- Directions -
Among the records that follow, set down only the lines from the one containing "Ducky One 3 Hot-Swap Barebone, US, must" to the one containing "קולאסין Rooms Sejo מראה חיצוני תמונה", both included, exactly.

START Listed records

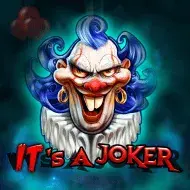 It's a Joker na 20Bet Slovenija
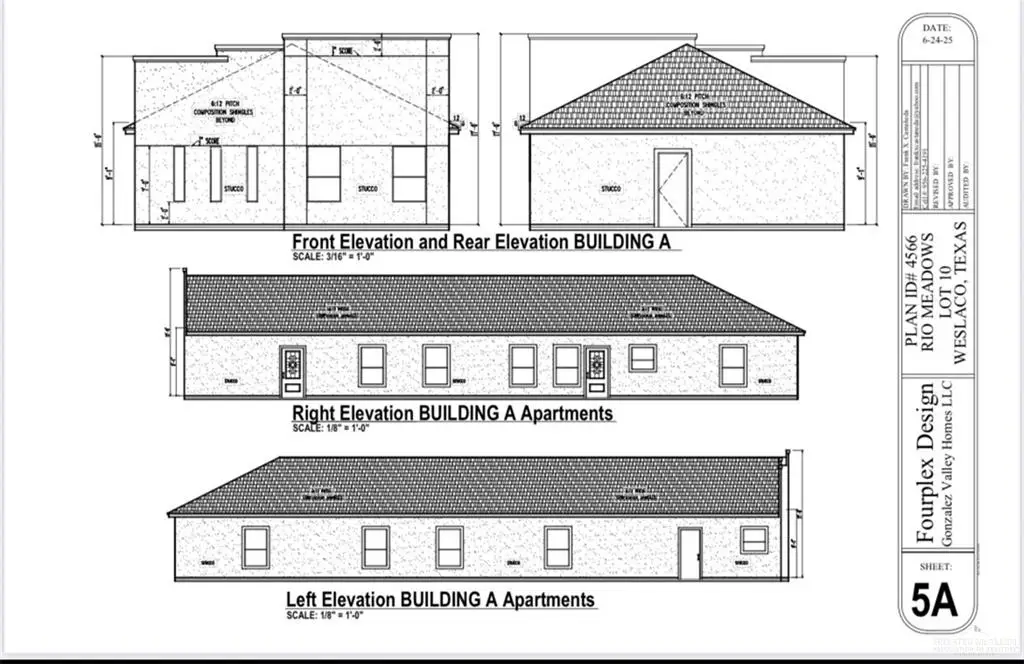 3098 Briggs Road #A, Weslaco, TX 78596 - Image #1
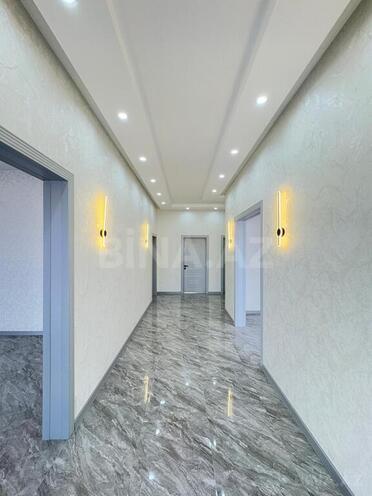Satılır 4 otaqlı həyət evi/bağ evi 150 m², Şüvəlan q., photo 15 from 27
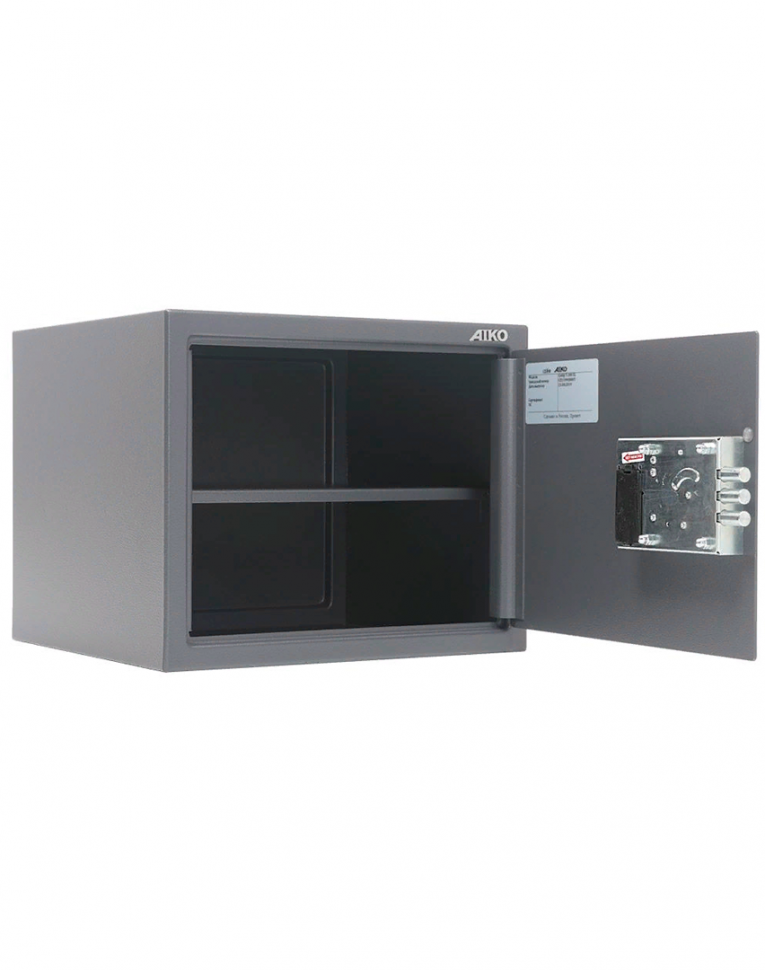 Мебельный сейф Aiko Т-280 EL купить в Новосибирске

END Listed records
START Listed records

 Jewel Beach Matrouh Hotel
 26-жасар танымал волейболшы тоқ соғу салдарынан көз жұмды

END Listed records
START Listed records

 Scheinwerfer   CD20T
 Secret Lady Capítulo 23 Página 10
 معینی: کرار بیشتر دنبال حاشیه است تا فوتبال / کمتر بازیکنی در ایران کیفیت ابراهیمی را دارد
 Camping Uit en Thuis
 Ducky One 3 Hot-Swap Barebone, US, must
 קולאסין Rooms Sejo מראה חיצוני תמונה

END Listed records

- Result -
 Ducky One 3 Hot-Swap Barebone, US, must
 קולאסין Rooms Sejo מראה חיצוני תמונה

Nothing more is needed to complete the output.